Segment Start: EXTRACTED ENTRIES

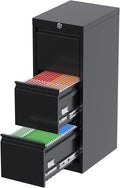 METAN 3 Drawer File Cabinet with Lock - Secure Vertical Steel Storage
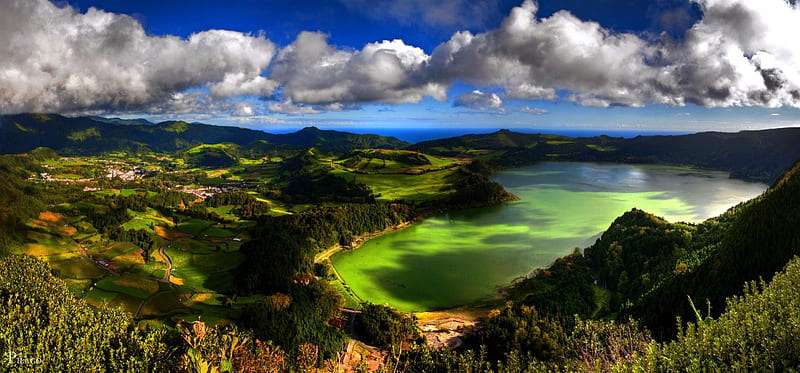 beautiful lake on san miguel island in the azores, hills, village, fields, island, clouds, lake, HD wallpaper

Segment End: EXTRACTED ENTRIES
Segment Start: EXTRACTED ENTRIES

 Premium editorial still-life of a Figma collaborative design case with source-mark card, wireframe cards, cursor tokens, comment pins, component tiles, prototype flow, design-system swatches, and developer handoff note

Segment End: EXTRACTED ENTRIES
Segment Start: EXTRACTED ENTRIES

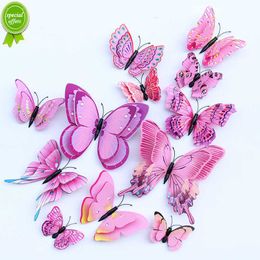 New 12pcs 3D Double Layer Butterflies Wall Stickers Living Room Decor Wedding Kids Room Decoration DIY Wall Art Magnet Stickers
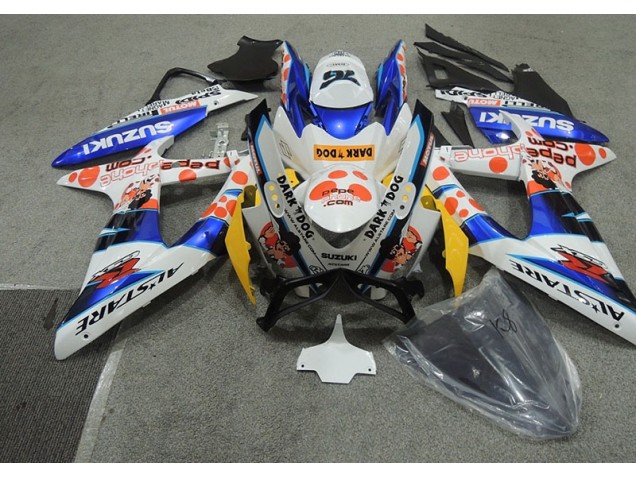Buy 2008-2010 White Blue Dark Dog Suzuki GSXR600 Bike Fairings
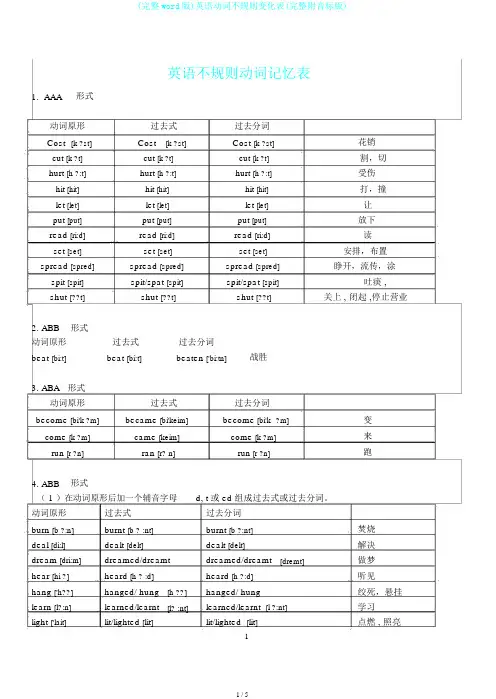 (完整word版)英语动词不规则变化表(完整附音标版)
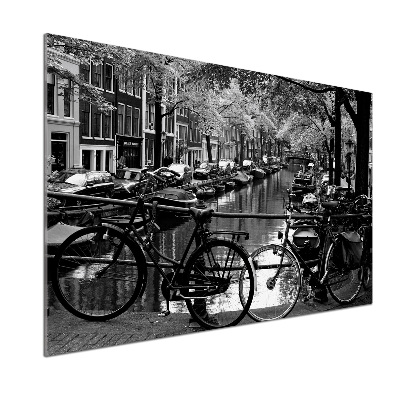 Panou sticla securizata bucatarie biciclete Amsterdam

Segment End: EXTRACTED ENTRIES

Give back exactly the lines of the listing above from the one that contains "(完整word版)英语动词不规则变化表(完整附音标版)" up to and including the one that contains "Panou sticla securizata", but not the pictures, and no other lines.

## RESPONSE
 (完整word版)英语动词不规则变化表(完整附音标版)
 Panou sticla securizata bucatarie biciclete Amsterdam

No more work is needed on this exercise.